We can not, however, perform the operation

unop { r1[1] v[3] }

since r1[1] is a sub-table of the variable r1 and it does not have the same dimensions than v[3].

1.2.1.4.3 Operations on Pairs of Variable Elements (Binary Operations)

Most of binary operations on pairs of elements of variable sub-tables store their results in a third table of elements. For this result table the same results apply as in the chapter about unary operations which store their results.

There are two possibilities for the element tables on which the operation is performed. They can either be of the same dimensions or one table has a single element. In the second case, the operation combines the single element with all elements of the other sub-table.

At functions which perform binary operations, the specification of the result sub-table (or variable), and specifications of the sub-tables on which the operation is performed, are arguments of these functions. Usually the specifications of the sub-tables on which the operation is performed, are the first two arguments, and the specification of the result sub-table is the third argument of such functions. If the appropriate operations are not commutative, the order of the first two arguments matters, too.

Example:

Let us say there are variables v1 of dimensions 3*2*2, v2 of dimensions 5*2*2, v3 of dimensions 4*2, r1 of dimensions 2*2*2, and r2 of dimension 2*3, and a binary operation named binop. Then we can perform the following operations:

binop { r1[2] v1[2] v2[4] }

is valid since all sub-tables have the same dimensions.

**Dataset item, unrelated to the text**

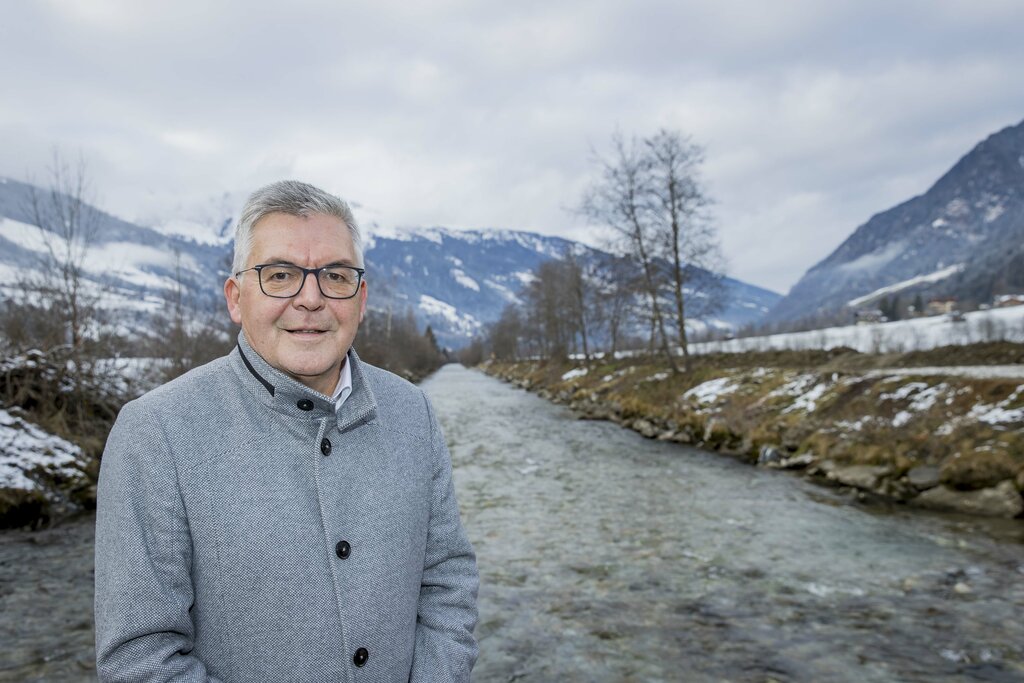 Spatenstich Hochwasserschutz Bad Hofgastein im Bild: Landesrat Josef Schwaiger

binop { r1[ ] v1[2] v2[4] }

is also valid since the first argument specifies the whole element table of the variable r1. This table is not of the same dimension as should the result table be, therefore variable r1 is first deleted and then created with write dimensions (2*2) before the operation is performed.

binop { r2[ ] v3[2,1,2] v2[5] }

is also legal because v3[2,1] specifies a single element. This element is in turns combined with all four elements of the sub-table v2[5], the operation is performed on such pairs and results are stored in the appropriate elements of variable r2. This variable is deleted and then created anew with dimensions 2*2 before the operation begins.

binop { r1[ ] v3 v2[1] }

is not legal since the dimensions of sub-tables v3 and v2[1] do not match.

1.3 Basic Operations on User-defined Variables

For every type of the user-defined shell’s variables there is a set of interpreter’s and calculator’s functions for manipulation of these variables. Some of these functions are of a general character and are similar for almost all types of variables.

Among the most important are the file interpreter’s functions for creating variables and setting their values. For matrix variables these are functions newmatrix, dimmatrix and setmatrix.

The newmatrix function creates a matrix variable with specific dimensions. The only argument of this function is the name of the matrix variable followed by the list of dimensions in a square bracket. If this bracket is empty or if it is omitted, a variable with rank 0 is created (such variable can hold a single element). If a matrix variable with a given name exists when the newmatrix function is called, it is first deleted and then created.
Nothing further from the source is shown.